Go to the line with "Не время тормозить" in the material below and copy from there through the line with "-冉林禾土黄牛肉粉(盛源·新天地店)", exactly. Pictures are not copied.

TASK MATERIAL:
○ ○ ○ ○

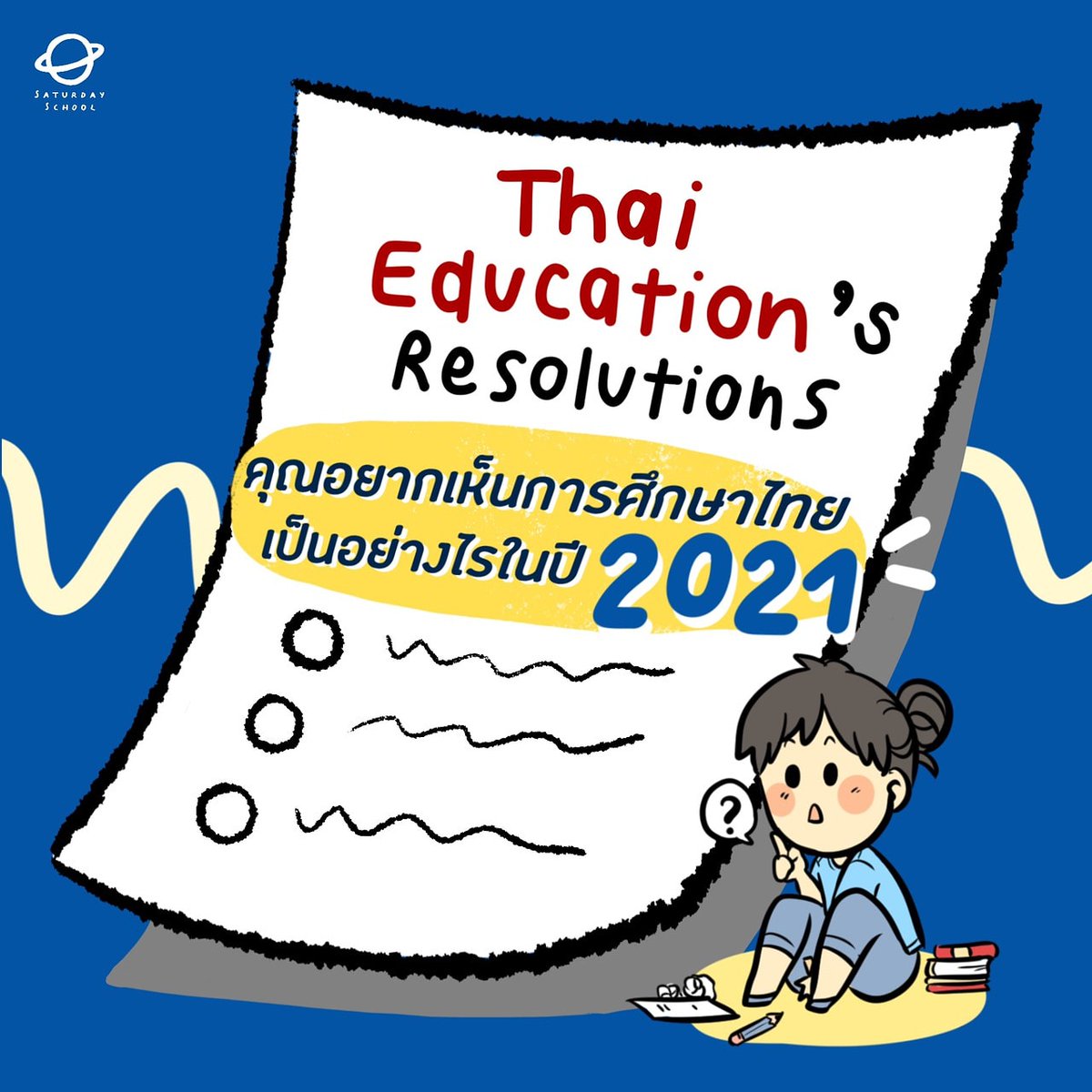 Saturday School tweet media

○ ○ ○ ○

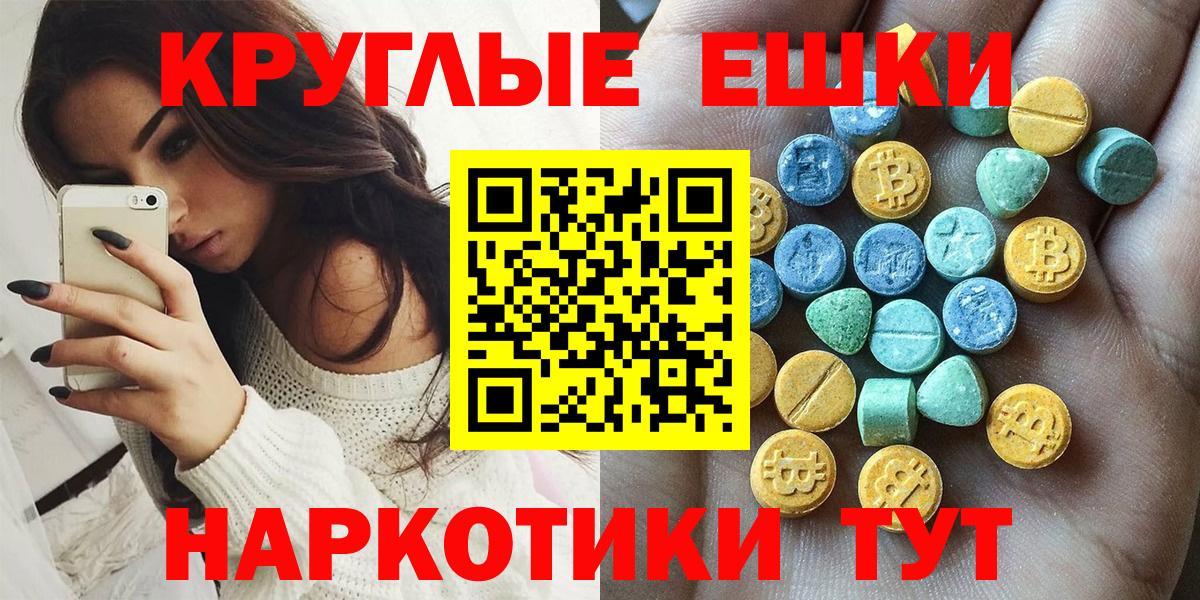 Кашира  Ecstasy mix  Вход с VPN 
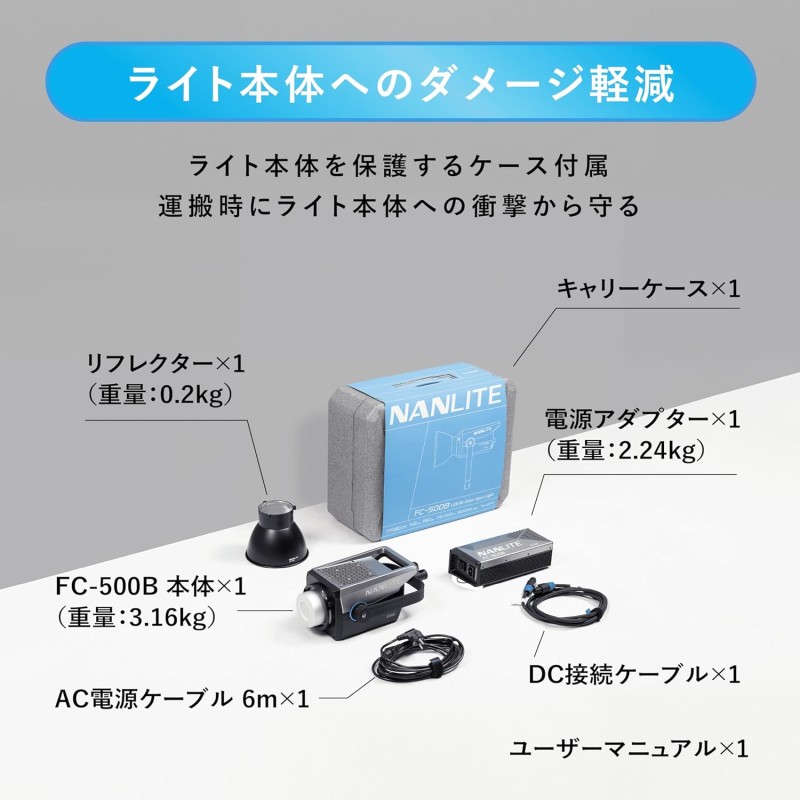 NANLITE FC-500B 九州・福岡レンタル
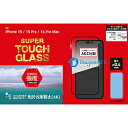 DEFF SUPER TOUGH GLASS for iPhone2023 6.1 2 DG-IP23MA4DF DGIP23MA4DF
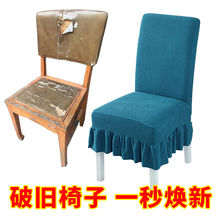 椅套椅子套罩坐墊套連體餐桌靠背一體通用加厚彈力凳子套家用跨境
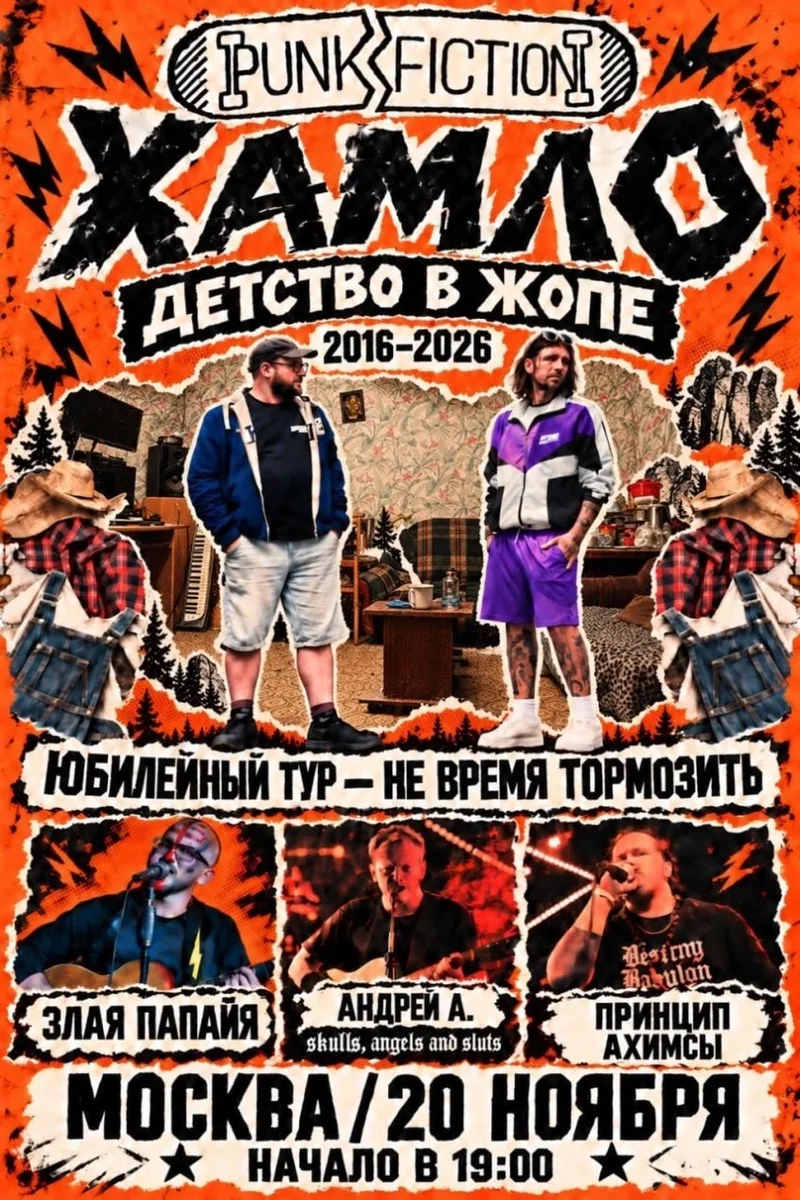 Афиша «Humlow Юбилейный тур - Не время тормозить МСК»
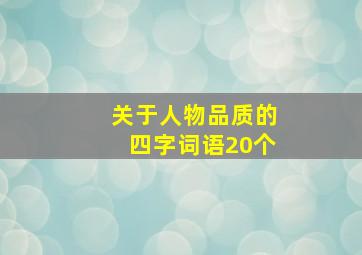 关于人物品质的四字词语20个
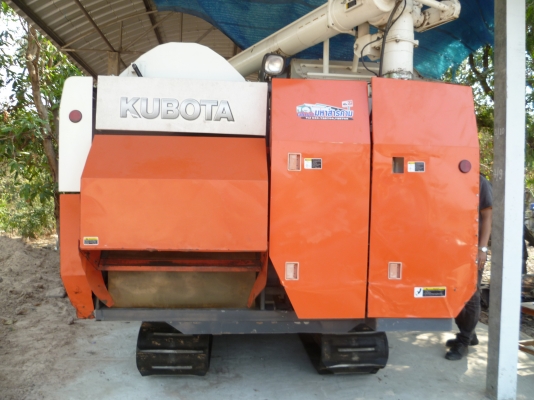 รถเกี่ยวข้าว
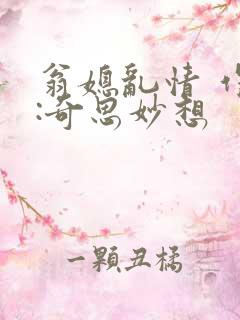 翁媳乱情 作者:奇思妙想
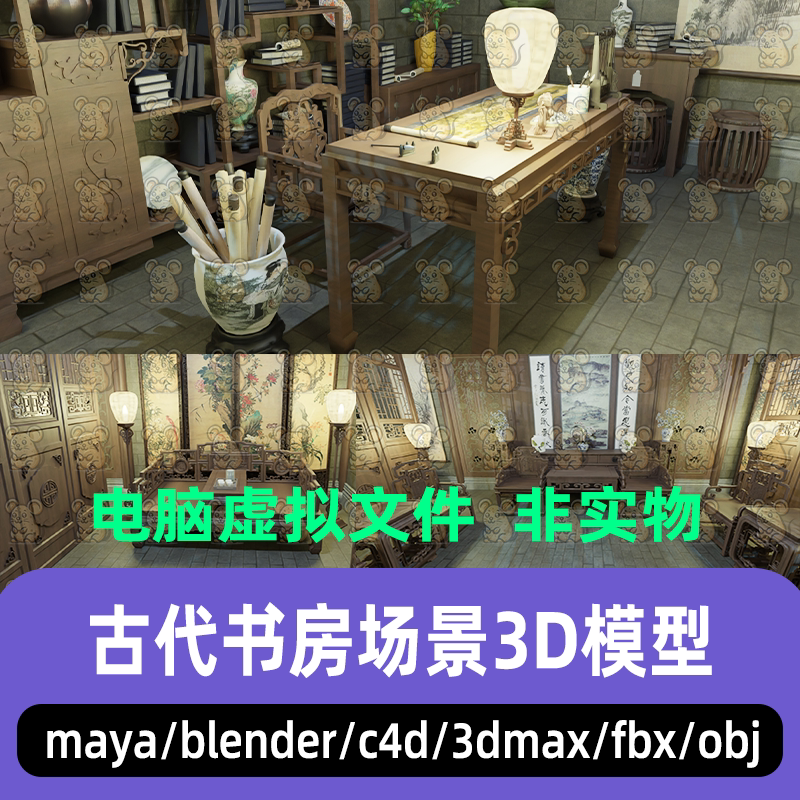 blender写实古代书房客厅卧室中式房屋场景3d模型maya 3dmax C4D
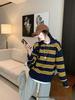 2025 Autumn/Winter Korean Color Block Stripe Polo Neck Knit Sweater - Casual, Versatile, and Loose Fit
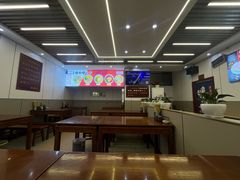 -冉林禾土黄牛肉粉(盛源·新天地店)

○ ○ ○ ○

ANSWER TO THE EXERCISE:
 Афиша «Humlow Юбилейный тур - Не время тормозить МСК»
 关于人物品质的四字词语20个
 รถเกี่ยวข้าว
 翁媳乱情 作者:奇思妙想
 blender写实古代书房客厅卧室中式房屋场景3d模型maya 3dmax C4D
 2025 Autumn/Winter Korean Color Block Stripe Polo Neck Knit Sweater - Casual, Versatile, and Loose Fit
 -冉林禾土黄牛肉粉(盛源·新天地店)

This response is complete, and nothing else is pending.